The fact that this expedition found nothing (so soon after they crashed) only proves that they did not land there - rather than they did- I would have thought.
richierich From United States of America, joined Nov 2000, 4427 posts, RR: 6
Reply 23, posted (3 years 1 week 4 days 21 hours ago) and read 4440 times:
Quoting AeroWesty (Reply 1): That said, I hope that in my lifetime, Earhart's plane isn't discovered. Some things are just better left as legends rather than facts, and where ever Earhart rests, she rests in peace. Hate to see that disturbed after so many decades. Pulling up her remains or her plane now won't add anything to aviation safety at this point.
Interesting point of view, although I don't actually agree.
While part of me would not want Earhart's grave disturbed, I think solving one of aviation's biggest mysteries would be amazing! With every passing year, the chances of finding remnants of the Electra get slimmer and slimmer, despite the fact that the technology gets better and better. But I really have little confidence that her aircraft (never mind remains) will ever be conclusively located - the five Avengers of Flight 19 that went missing in 1945 have never been found and they were lost somewhere off the coast of Florida! More recently, it took months to find the wreckage belonging to Steve Fossett, and that was on land, so searching the depths of the Pacific Ocean is unlikely to turn up any solid trace of Earhart unless somebody gets very lucky. Or she really was captured by the Japanese and somebody uncovers evidence of such.

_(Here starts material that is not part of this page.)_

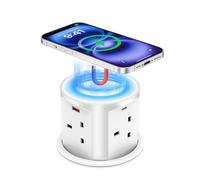 Pop Up Plug Socket with 15W Magnetic Wireless Charger,65W USB C Fast Charging Power Strip,3.94'' Hole Worktop Socket,4 Way Outlets,4 USB Ports,2m Extension Cable (White, 65W USB)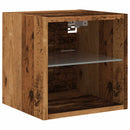 vidaXL 2 db antik fa fali TV-szekrény LED-világítással 30x28,5x30 cm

Quoting breiz (Reply 10): How many ac crashed in the Pacific Ocean during the WWII?
The debris can be just anything.
Completely agree... I don't know the specific history of the Nikumaroro Island but being in the South Pacific it probably saw some WW2 action. The debris that was located in the reef might very well turn out to be a plane but I'd be very surprised if it turned out to be Earhart's Electra!
I remember watching an episode of 'Unsolved Mysteries' many years ago, during the Robert Stack-hosted era, and one of them covered Amelia Earhart and "eyewitnesses" who watched her execution and burning of her aircraft. Somebody even wrote down serial numbers of a part or two that supposedly came from her plane - I'm guessing nothing ever came of this and the story was completely made up?! It did seem too good to be true!
Quoting Rwy04LGA (Reply 22): OMG, what a waste of time it was watching that. From that point on, I refused to watch ANYTHING that had that idiot Geraldo on it. PS It wasn't Hoffa's safe, it was Capone's EMPTY safe.
Ha, apparently RWA380 doesn't remember it that well!!